Experience and time has therefore erased many of the divisions he once felt between his musical world and that of the Proms.
"I view music as a language so it's not important what form it takes. Whenever anyone tries to classify music they reject the notion of it being a form of expression," he explains.
"But music is the purest place I have ever been - it allows you to express yourself without fear of having barriers come up. It taught me how to view society and other people without prejudice," he adds.
Defying categorisation still further, Sawhney has also worked as a comedian, theatre actor, scriptwriter and journalist.
His best known alternative guise is as co-creator and star of the BBC Asian comedy Goodness Gracious Me.

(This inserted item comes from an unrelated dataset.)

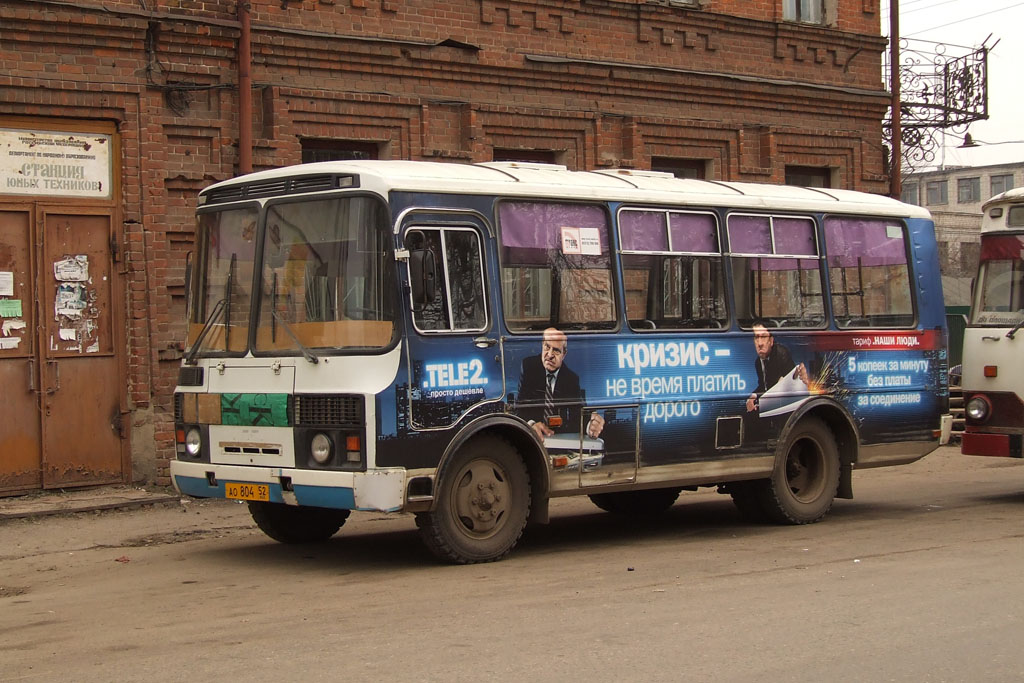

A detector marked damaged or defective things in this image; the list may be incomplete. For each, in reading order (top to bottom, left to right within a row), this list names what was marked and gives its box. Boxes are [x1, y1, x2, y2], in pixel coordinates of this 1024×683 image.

rusty metal door [0, 205, 42, 493]
rusty metal door [38, 206, 125, 485]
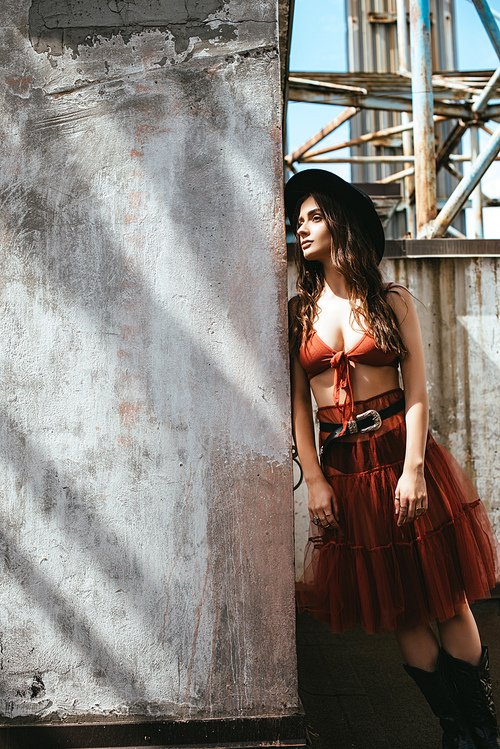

Sawhney says he went into comedy to give himself some light relief from the intensity of composing. But here too he found himself breaking new ground.
"Until Goodness Gracious Me, there had only been comedies like It Ain't 'Alf Hot Mum and Mind Your Language which always made Asians the butt of the joke," he says.
"So, it was exciting to be able to subvert those stereotypes from within the very heart of a British institution like the BBC."
It's been three years since Sawhney hung up his comedian's hat and, he says, he has now moved on to other things.
Besides the tour with Sting to promote Beyond Skin. Sawhney has collaborated with Sir Paul McCartney and Jeff Beck.
His next challenge, however, is to break into Hollywood film music and to really break down the walls between popular and classical culture.
"I am a great admirer of score writers like Ennio Morricone and John Williams - they can create such wonderful atmospheres.
"But really they are classical musicians working very well in the commercial world and I believe the great composers of this century will be seen as the classical composers who have written for film."
Scry can be heard on BBC Radio 3 from 1900 BST on Tuesday.